Pros and Cons of 1xBTS
Pros:
- Full-stack coverage — BTS, BSC, MSC, HLR, SMSC, packet data, and voice are all in the same project, which reduces glue-code drift between services.
- Rust implementation — the main stack is written in Rust, which narrows the unsafe surface compared with large C/C++ telecom codebases.
- Real SDR support — tested hardware includes bladeRF Micro 2.0, Ettus USRP B210, and LimeSDR Mini v2 as of Feb 2026.
- Operational dashboard — the Next.js dashboard gives the team a browser view of a system that would otherwise require shell access and log scraping.
- Repeatable lab state — PostgreSQL-backed HLR and SMSC state make subscriber fixtures and SMS state easier to reproduce.
- Reference-point clarity — explicit Abis, A1, A8/A9, and A10/A11 links map directly to telecom docs and make troubleshooting less ambiguous.
Cons:
- Experimental status — the repo says production hardening is still incomplete, so 1xBTS is not a carrier-grade deployment choice.
- Hardware and OS friction —
protoc,pkg-config,libclang, C compilers, Docker, and kernel modules are part of the normal setup path. - Backend choice is static per build — you enable one SDR backend at compile time, so changing hardware usually means rebuilding.
- Handset support is variable — the repo explicitly says behavior depends on handset, backend, channel configuration, and service option.
- RF authorization is mandatory — 1xBTS is designed for research and lab use, so unauthorized transmission is a non-starter.
Getting Started with 1xBTS
The fastest path is to install the native dependencies, clone the repo, start the support services, and run the network-in-a-box launcher.
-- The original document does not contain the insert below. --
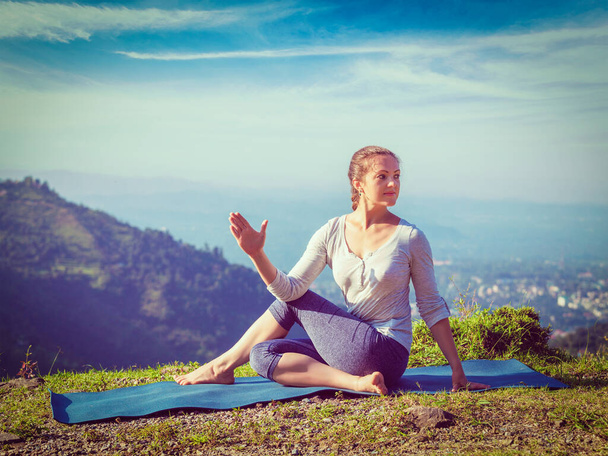 Yoga oefening buiten - vrouw doet Ardha matsyendrasana asana - halve wervelkolom draai pose bergen in Himalaya in India in de ochtend. Vintage retro effect gefilterd hipster stijl afbeelding. - Foto, afbeelding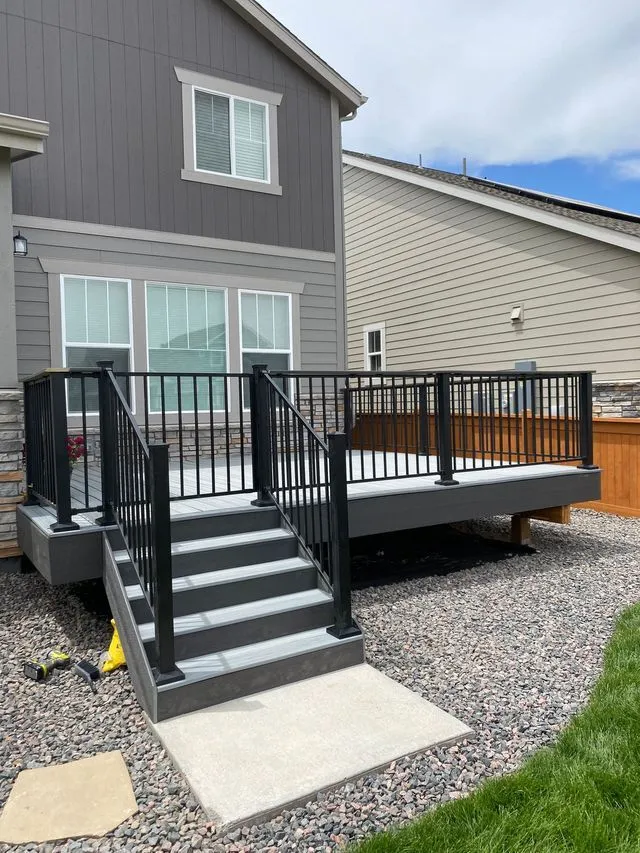 Composite deck with stairs and backyard landscaping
On Ubuntu or Debian, the repo lists build-essential, pkg-config, protobuf-compiler, libssl-dev, libclang-dev, and libre-dev as common prerequisites.
sudo apt-get update
sudo apt-get install -y build-essential pkg-config protobuf-compiler libssl-dev libclang-dev libre-dev
git clone https://github.com/chrismoos/1xbts.git
cd 1xbts
docker compose up -d
cargo run --release -p cdma-nib --no-default-features --features bladerf-backend -- --config-dir config --radio-config config/radio_bladerf_micro2.json
After those commands finish, PostgreSQL and the dashboard come up through Docker Compose, and the launcher starts the protocol nodes in a single process. If port 3000 is already taken, set ONEXBTS_WEB_PORT=3001 before launching the dashboard. For local tuning, add sibling *.local.json files next to the base configs so you can override radio parameters without touching shared defaults.
Verdict
1xBTS is the strongest option for CDMA2000 1x lab bring-up when you need a single Rust codebase that covers radio, core, SMS, packet data, and voice. Its biggest strength is the full node model; its caveat is experimental hardware support and lack of production hardening. Use it for authorized research labs, not live networks.